Just like here in Erie County, we can no longer afford pork until our financial house is in order. Same goes for Albany, the wonderful gift giving of our tax dollars must be stopped. It is being used to buy votes and support from businesses, groups and individuals, it’s tainted money and must come to a screeching halt.
Democrat & Chronicle: Essays
Citizens must get handle on pork lawmakers dish out
Much has been made lately of the secrecy and inequities behind those wonderful projects that your state lawmakers help to finance though pork-barrel spending known as “member items.”
Let’s hope all the publicity leads to the best thing we can do — get rid of them. Despite the fact they often fund worthy projects, they contribute far more to the continuing dysfunction of our state than they do to our well-being.
There are three major reasons to say goodbye to member items:
# There are better ways to budget for worthy projects.
# Member items serve only to reinforce the control of the legislative leaders over legislators.
# Member items distract legislators from doing what they ought to be doing.
As an example of how funds should be allocated, look at transportation programs.

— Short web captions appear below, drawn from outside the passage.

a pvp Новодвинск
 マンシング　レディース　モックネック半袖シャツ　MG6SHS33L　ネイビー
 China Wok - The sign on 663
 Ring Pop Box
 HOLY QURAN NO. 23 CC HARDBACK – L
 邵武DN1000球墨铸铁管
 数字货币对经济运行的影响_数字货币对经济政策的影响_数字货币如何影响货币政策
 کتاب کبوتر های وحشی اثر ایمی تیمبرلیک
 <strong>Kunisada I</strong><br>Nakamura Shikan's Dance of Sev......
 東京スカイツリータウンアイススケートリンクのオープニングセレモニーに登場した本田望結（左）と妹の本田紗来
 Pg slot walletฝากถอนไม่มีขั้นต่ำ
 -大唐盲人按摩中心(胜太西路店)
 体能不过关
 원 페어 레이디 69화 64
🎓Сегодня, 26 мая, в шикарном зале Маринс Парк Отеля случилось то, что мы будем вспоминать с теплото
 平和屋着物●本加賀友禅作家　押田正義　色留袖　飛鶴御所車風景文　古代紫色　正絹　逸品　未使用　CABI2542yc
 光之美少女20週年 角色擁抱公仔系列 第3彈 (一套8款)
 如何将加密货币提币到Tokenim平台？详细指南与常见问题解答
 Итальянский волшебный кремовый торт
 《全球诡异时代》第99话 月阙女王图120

They, too, get distorted by “earmarks,” but that’s not how they were originally designed.
First of all, a decision is made on how much total money to devote to transportation. This amount then is divided into specific need areas —– bridges, major highways, local highways and mass transit, for example. Funds for each of these areas are then allocated to projects based on each project’s ranking on a priority scale. The legislator’s decision is restricted to policy: How important is transportation vs. parks, for example. The decision on transportation projects is left to professionals with citizen input.
The point is to keep the legislator focused on the overall welfare of the state while the details are dealt with by others in a far better position to deal with them. This process could and should be used for all of the projects funded by member items. Let them all compete with funding going to the most worthy.
Funding projects this way dilutes the legislative leaders’ power to control who gets how much for member items. It also eliminates the gross inequity of minority party members coming up with crumbs while majority members resemble Santa Claus.
Loyalty-based funding is also an open invitation to abuse as we recently saw when state Sen. Efrain Gonzalez Jr., D-Bronx, was charged with funneling more than $400,000 in member item money to his own personal use. Any process done in secret with little or no oversight is nothing more than a temptation to engage in this kind of mischief. This is one reason your legislator pays far more attention to the leadership than to you, the citizen.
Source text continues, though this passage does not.